_Stored data:_
▼
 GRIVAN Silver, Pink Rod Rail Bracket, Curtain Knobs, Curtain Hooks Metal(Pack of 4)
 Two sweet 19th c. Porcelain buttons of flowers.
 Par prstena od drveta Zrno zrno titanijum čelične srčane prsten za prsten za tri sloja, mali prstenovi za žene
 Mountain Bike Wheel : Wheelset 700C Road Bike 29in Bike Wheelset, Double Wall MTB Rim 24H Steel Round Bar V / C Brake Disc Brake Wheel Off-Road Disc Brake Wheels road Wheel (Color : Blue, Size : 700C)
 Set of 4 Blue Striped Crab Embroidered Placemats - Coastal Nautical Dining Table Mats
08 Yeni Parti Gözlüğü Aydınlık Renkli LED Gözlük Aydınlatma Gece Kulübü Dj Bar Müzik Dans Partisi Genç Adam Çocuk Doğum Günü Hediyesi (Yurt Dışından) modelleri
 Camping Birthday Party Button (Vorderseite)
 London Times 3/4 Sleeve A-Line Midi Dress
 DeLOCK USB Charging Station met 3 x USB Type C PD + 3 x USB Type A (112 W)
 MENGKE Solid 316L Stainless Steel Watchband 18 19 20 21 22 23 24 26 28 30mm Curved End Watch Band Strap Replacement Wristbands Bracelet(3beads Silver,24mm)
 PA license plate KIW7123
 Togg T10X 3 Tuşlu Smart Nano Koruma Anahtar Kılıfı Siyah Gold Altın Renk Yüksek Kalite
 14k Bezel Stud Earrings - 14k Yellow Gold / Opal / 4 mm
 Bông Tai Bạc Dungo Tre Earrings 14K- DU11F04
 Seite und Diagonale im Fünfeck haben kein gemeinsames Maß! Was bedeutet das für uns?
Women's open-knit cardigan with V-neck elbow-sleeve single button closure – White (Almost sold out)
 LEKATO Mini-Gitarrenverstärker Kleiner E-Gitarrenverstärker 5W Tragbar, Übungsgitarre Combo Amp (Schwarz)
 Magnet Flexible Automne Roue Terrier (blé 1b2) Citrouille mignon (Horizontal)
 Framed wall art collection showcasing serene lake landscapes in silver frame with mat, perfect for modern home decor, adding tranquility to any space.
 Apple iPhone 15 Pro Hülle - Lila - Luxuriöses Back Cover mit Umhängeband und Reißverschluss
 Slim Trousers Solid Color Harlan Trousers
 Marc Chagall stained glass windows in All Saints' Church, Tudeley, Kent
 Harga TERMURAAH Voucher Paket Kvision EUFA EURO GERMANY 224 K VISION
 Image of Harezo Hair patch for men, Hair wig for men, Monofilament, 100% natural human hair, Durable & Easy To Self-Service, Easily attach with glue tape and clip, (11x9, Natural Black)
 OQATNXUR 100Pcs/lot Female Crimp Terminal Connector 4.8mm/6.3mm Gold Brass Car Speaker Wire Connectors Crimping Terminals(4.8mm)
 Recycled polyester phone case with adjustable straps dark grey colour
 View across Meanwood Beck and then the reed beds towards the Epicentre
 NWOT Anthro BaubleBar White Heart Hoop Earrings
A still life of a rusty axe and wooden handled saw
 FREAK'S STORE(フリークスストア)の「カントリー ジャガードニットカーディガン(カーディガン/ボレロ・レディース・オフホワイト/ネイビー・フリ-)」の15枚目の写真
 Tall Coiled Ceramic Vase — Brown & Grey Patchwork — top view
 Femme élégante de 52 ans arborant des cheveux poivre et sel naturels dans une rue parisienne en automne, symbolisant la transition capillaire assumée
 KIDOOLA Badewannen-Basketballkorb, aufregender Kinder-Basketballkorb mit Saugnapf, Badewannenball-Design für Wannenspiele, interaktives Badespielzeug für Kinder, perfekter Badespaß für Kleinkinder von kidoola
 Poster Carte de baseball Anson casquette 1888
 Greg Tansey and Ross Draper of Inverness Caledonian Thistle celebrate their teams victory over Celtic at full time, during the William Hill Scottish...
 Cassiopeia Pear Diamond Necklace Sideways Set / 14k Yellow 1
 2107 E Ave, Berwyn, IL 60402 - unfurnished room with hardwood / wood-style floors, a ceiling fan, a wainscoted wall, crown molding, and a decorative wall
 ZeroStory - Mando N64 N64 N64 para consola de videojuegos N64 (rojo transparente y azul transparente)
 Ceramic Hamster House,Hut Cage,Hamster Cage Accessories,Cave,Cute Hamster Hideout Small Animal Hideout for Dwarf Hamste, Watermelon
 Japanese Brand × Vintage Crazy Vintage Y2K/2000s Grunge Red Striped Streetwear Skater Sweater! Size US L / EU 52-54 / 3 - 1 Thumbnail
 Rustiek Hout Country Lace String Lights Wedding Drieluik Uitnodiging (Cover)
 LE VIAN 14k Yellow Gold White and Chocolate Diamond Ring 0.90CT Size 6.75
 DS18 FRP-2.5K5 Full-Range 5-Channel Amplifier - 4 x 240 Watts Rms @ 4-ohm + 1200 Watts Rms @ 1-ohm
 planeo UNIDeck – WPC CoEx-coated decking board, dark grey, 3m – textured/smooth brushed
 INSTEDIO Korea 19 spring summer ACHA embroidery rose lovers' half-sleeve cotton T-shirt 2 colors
▲
_Task item:_
In the entries above, find the line with "Poster Carte de" and the line with "Cassiopeia Pear Diamond", then restate word for word both of them and every line between, with nothing more.

_Your response:_
 Poster Carte de baseball Anson casquette 1888
 Greg Tansey and Ross Draper of Inverness Caledonian Thistle celebrate their teams victory over Celtic at full time, during the William Hill Scottish...
 Cassiopeia Pear Diamond Necklace Sideways Set / 14k Yellow 1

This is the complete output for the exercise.